I am anxious to learn new things. I’m not afraid to admit starting out that I can’t do something. The more things I try, the more I enjoy things and the more I can be in touch with people and make friends. My parents were pretty open to trying new things. My grandparents were from families who were pioneers in Florida, and they were always open and curious about new things. Maybe I just kind of caught it from them. My grandmother’s parents went to central Florida on the railroad as far as the train went. When the train stopped, they got out and found a place to homestead. My grandmother told me that she was born in a log cabin, and my grandfather told me about an Indian war with the Seminoles. You just don’t think about Florida being part of the Wild West! They had to be adventurous to survive.

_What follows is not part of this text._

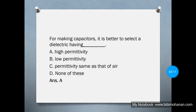For making capacitors, it is better to select a dielectric having high permittivity. So when we make capacitors we need to use a dielectric with high permittivity — option A is the correct answer.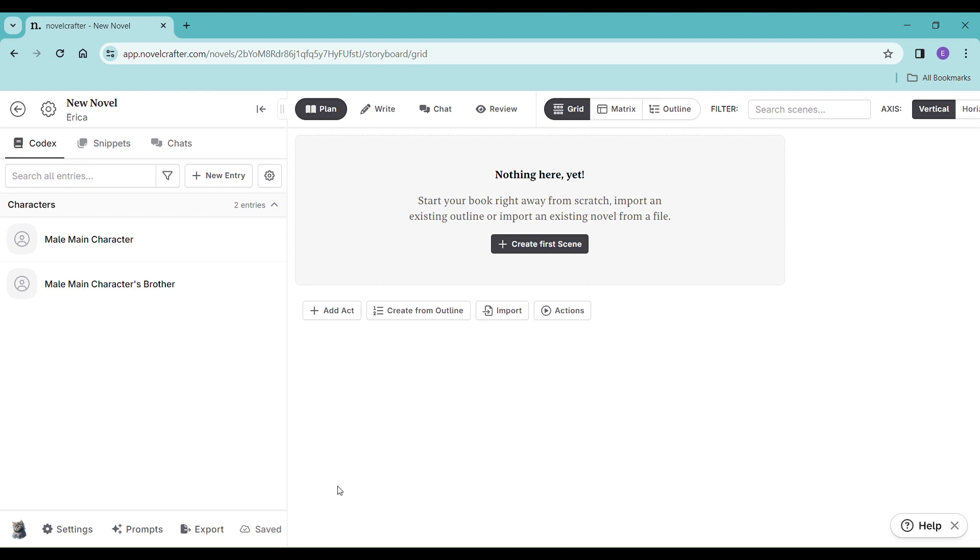Hey, let's make an outline. So in NovelCrafter, outlines definitely help us stay organized. They're also where we can put our scene beats. So from here, here's just a basic screen. You're going to go to Plan, you go to Create an Outline.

The older I get, the more I like to share and think about their stories.
Do you have any advice for us from the perspective of looking across all of these events in your life?
My daughter works now at Publix, so she’s out with people almost every day. And she says she sees the best of people and the worst of people. Some are very understanding about limits on items and such things, and others are angry. I think that we have the possibility of coming out on the other side of this as a more thoughtful, maybe slower society that takes time to appreciate family. A lot of people are learning that busy-ness is not always the best thing. There’s a lot of peace in getting a little bit of quiet. I hope that we’ll be more thoughtful of other people. It seems with many crises I have had in my life that in the end, something good comes out of it. Not the crisis itself, but something good can come from the crisis. I hope we’ll be a kinder, gentler society than we were before.
It’s a little bit lonesome that I can’t physically see my friends. But I’m not afraid of the virus. I’m being as cautious as I can without being paranoid about it. We all have to deal with this, and we might as well learn to take it in stride and just be as calm about it as we can. I know that God will use this for a good purpose, and I hope that we’ll be more aware of the fact that we’re guardians of the earth and try not to exploit it so much. We’ve been a throwaway society and cluttered everything up, and we need to be conscious that we’re all interconnected.
Update: Betty Lee successfully came away from an unexpected hospital stay during the virus. She fell and hit her head in early May, days after our interview (the issue turned out to be her sodium level). Luckily, nothing was broken (“I hit the thing least likely to break!” she laughed). She’s back home and doing in-home physical therapy to regain her strength.